Though sweet and fair, with other flowers she won't rival,

But only heralds spring's arrival.

When mountain flowers run riot for miles and miles.

Among them she will be all smiles.

 

 

 

Winter clouds

December 1962

 

Like cotton fluff fly winter clouds hard pressed by snow,

All flowers fallen now, for a time few still blow.

In the steep sky cold waves are swiftly sweeping by,

On the vast earth warm winds gradually growing high.

Only heroes can hunt tigers and leopards down,

No brave man will be scared by wild bears black or brown.

Even mume blossoms welcome a skyful of snow,

No wonder flies are frozen to death down below.

 

 

 

Reply to comrade Guo Moruo

Tune:"The river all red"

January 1963

 

Upon this globe so small

A few flies are running against the wall.

They hum and squeak,

With pain they shriek,

With spasms they squall.

An ant on a locust would boast 't was a big country;

A pismire could not find it easy to shake one tree.

At Chang'an the west wind is blowing off leaves dying,

Whistling arrows are flying.

 

Many deeds should be done

At the earliest date.

The earth turns round the sun,

For no man will time wait.

We cannot bear ten thousand years' delay.

Seize but the day!

The four seas are stirred up by angry clouds and waves,

The five continents convulsed by the storm which raves.

So many deeds Bear no delay. Sun and earth turn; Time flies away.

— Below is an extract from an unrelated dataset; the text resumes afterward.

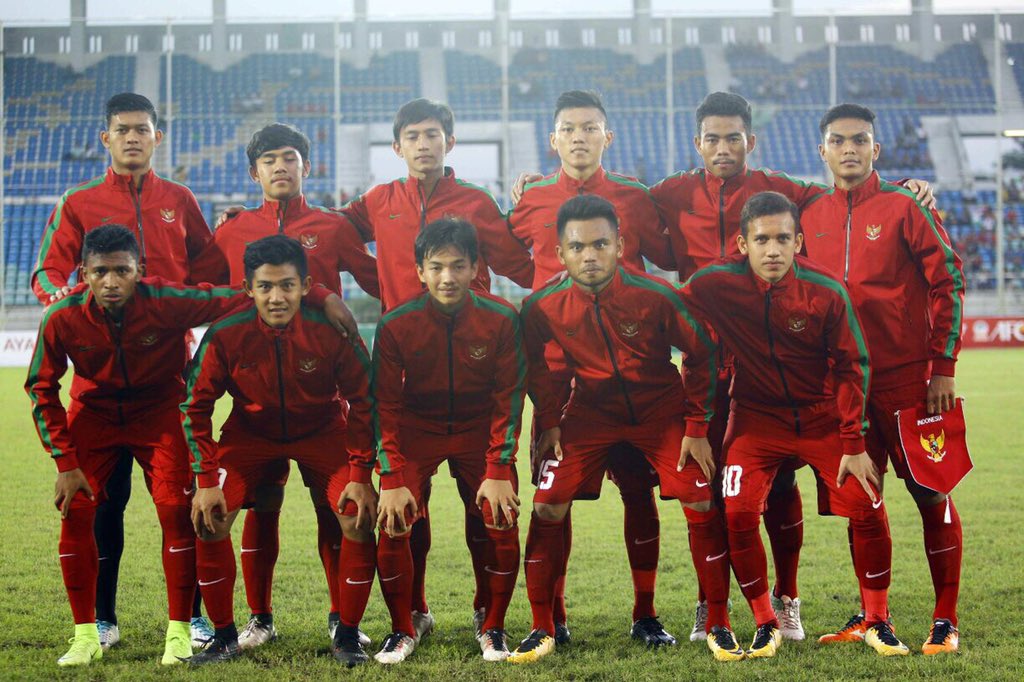 Skuad Timnas Indonesia U19 bertekad memenuhi harapan Presiden Joko Widodo. Foto:fourfourtwo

Ten thousand years are too long. Seize but the day! )

Sweep all vermins away,

Invincible for aye!

 

 

 

Ode to the eighth company

August 1963

 

Company Eight, Known far and near.

Well known for what? For its firm will.

Serving the people, Many a year,

Amid corruptions, Unstained still.

So it is called, Company good.

Our people's army, Learn from it you should.

All ranks and files, Be self-reliant!

Of all oppressions, Be e'er defiant!

You should not fear, Or sword or spear!

Fear nor the ghosts, Nor the vampires,

Nor the enemy,Nor the empires!

Ye sons are fine, Like cold-proof pine

Which pierces skies, And snow defies.

Well disciplined, Firm as a wall,

You're brave and fast,Like thunder blast,

Putting politics,First,above all,

Good at thinking,Analyse you could.

Analysis,Will do much good.

What good at length? Union is strength.

Army and people united as one,We are unrivaled 'neath the sun.